◆ **PROVIDED MATERIAL**
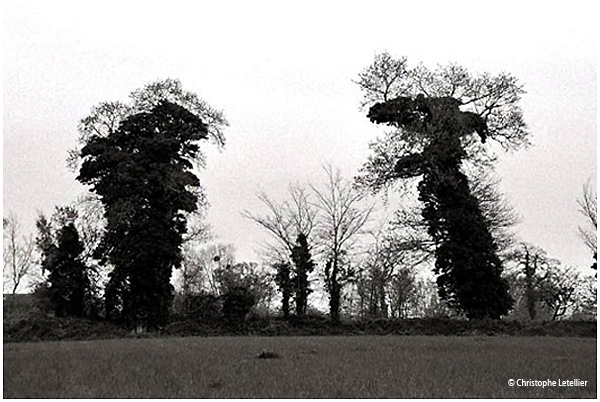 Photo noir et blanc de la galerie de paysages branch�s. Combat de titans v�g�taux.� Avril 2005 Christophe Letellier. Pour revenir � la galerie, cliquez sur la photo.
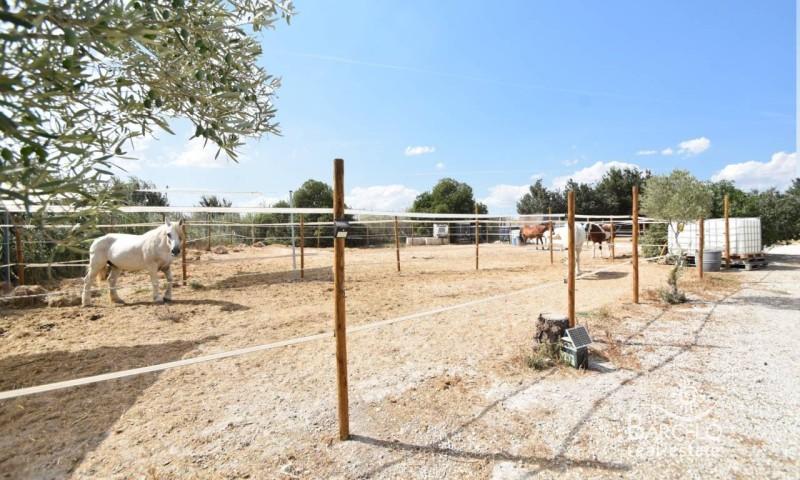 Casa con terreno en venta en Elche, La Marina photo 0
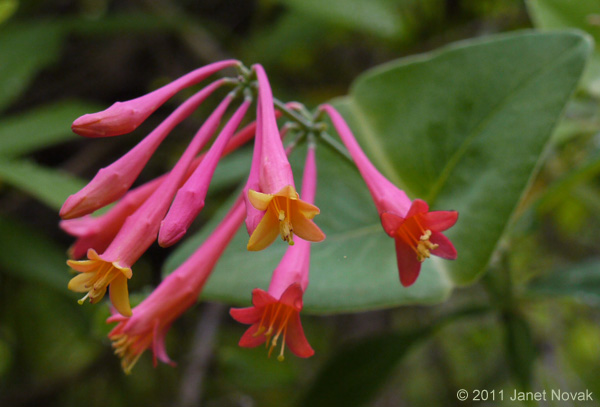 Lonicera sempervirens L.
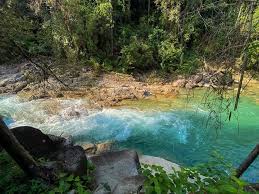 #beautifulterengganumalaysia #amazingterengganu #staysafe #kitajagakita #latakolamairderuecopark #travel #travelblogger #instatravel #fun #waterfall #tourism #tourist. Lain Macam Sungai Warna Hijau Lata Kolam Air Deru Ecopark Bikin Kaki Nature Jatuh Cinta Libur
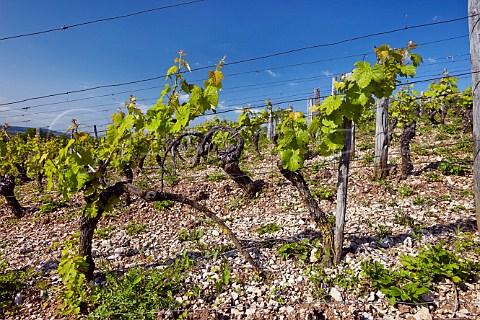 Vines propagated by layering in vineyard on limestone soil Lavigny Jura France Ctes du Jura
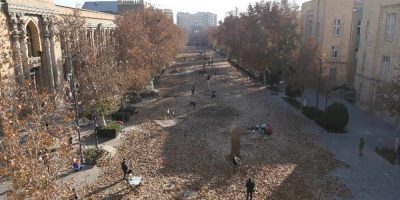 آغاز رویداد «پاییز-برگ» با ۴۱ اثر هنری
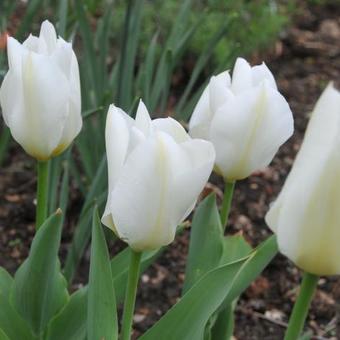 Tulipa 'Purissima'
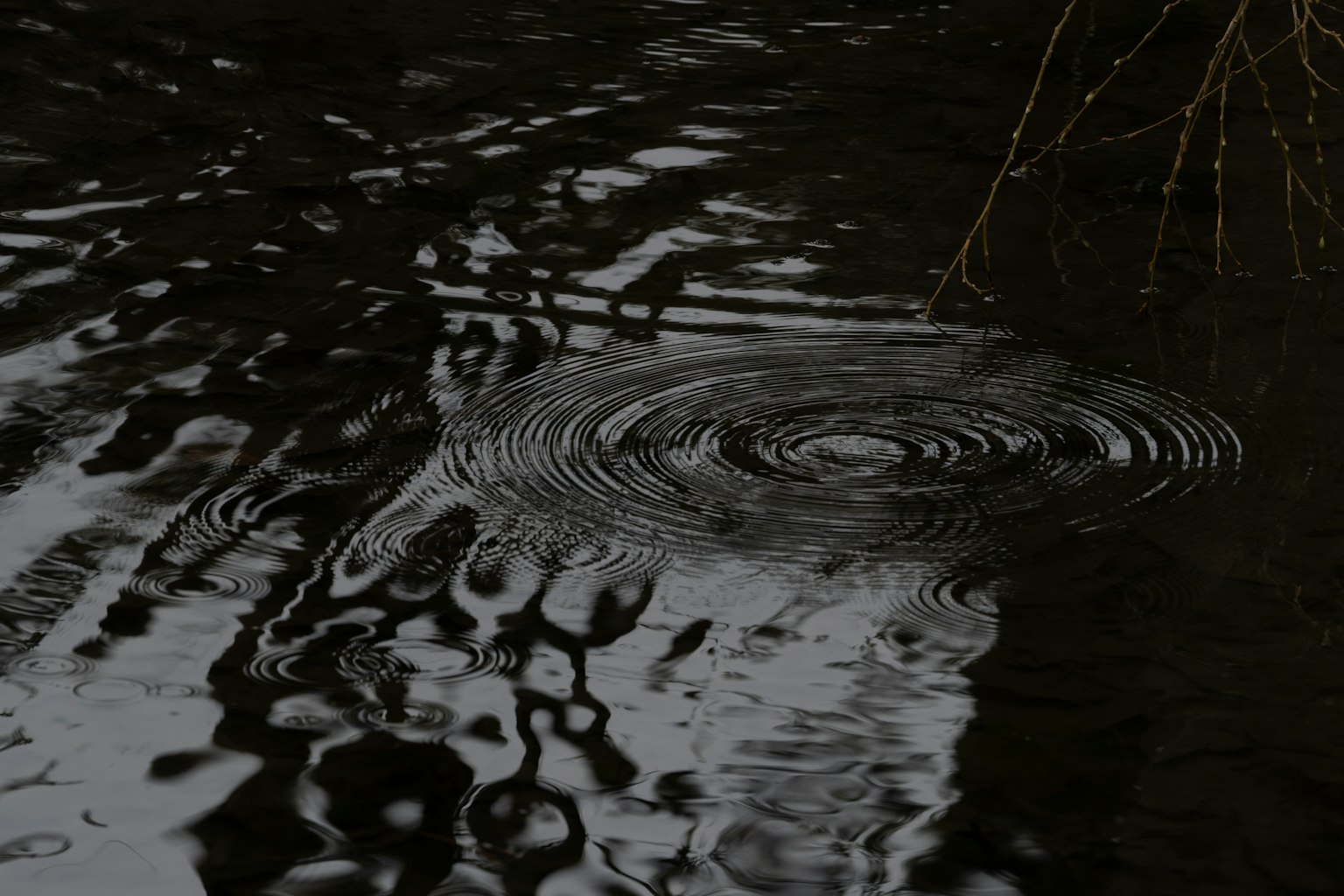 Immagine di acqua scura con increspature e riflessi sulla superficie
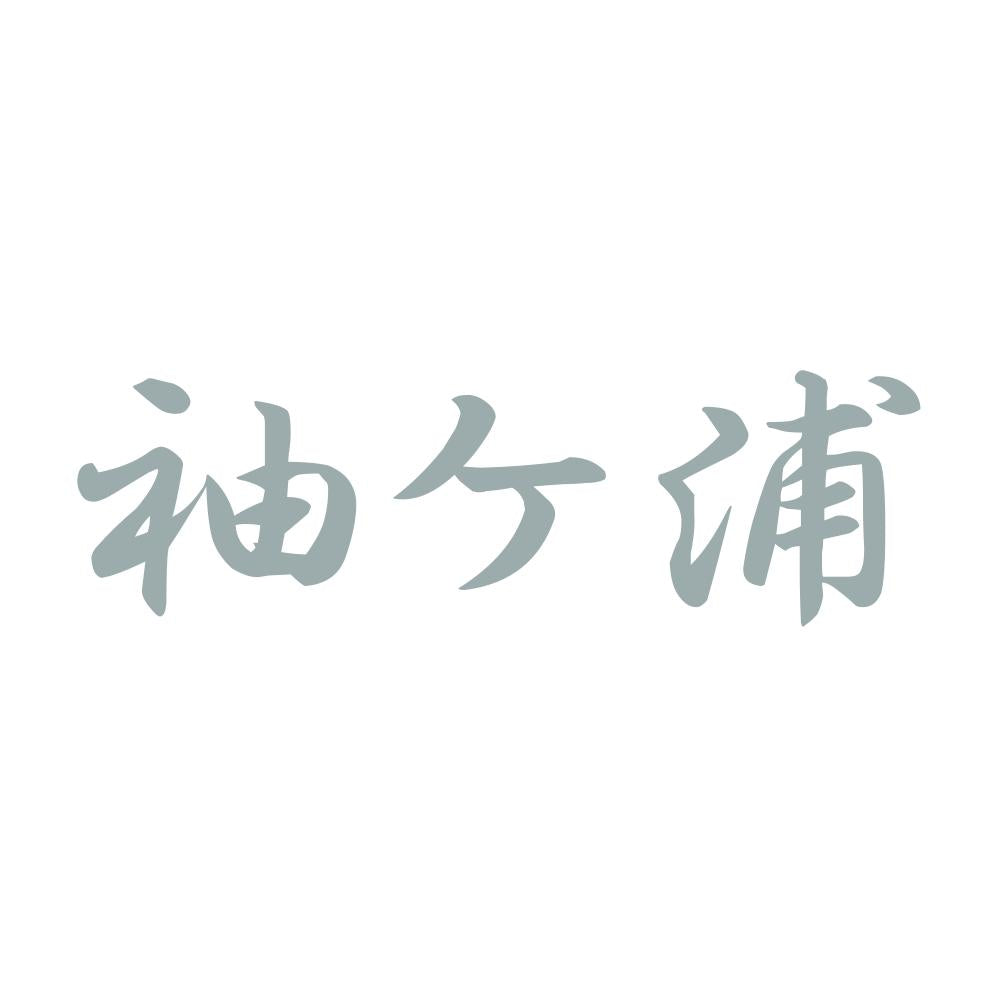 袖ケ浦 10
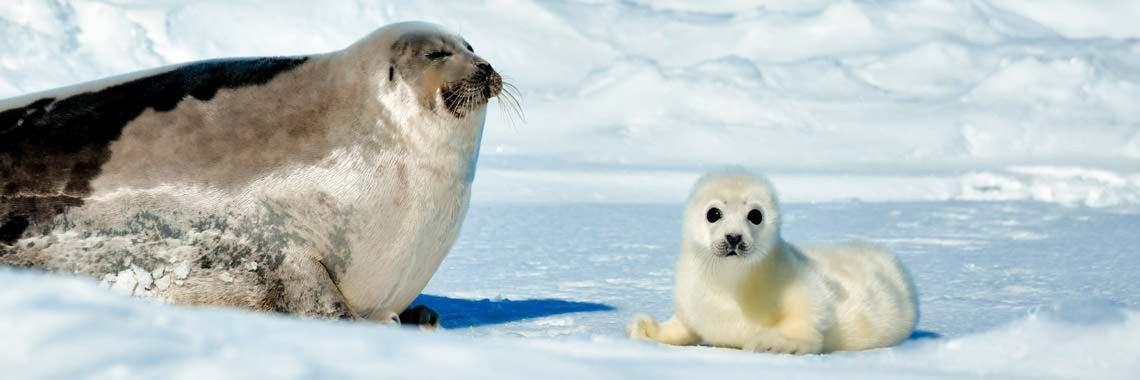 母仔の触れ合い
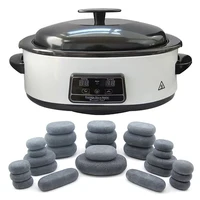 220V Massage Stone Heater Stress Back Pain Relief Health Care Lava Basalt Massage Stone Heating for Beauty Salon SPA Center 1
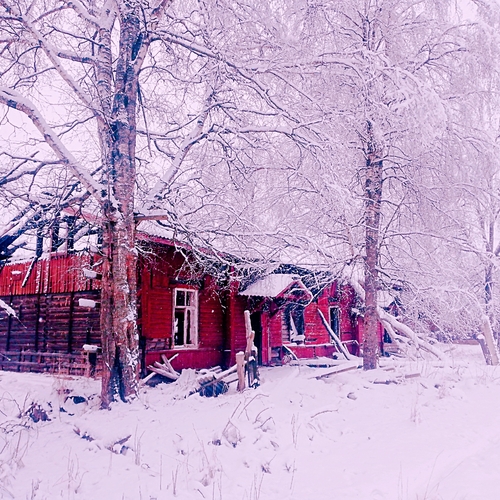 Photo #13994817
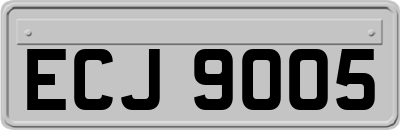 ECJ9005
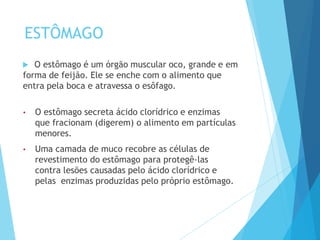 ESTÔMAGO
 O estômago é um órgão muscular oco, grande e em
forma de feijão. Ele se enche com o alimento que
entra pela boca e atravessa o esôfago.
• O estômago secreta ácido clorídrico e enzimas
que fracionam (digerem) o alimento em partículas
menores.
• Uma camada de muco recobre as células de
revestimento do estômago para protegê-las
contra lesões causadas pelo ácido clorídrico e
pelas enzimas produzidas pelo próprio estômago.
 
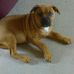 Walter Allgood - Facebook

◆ **PROBLEM DESCRIPTION**
Display every line of the listing that contains the string "enzimas".

◆ **COMPLETED TASK**
• O estômago secreta ácido clorídrico e enzimas
pelas enzimas produzidas pelo próprio estômago.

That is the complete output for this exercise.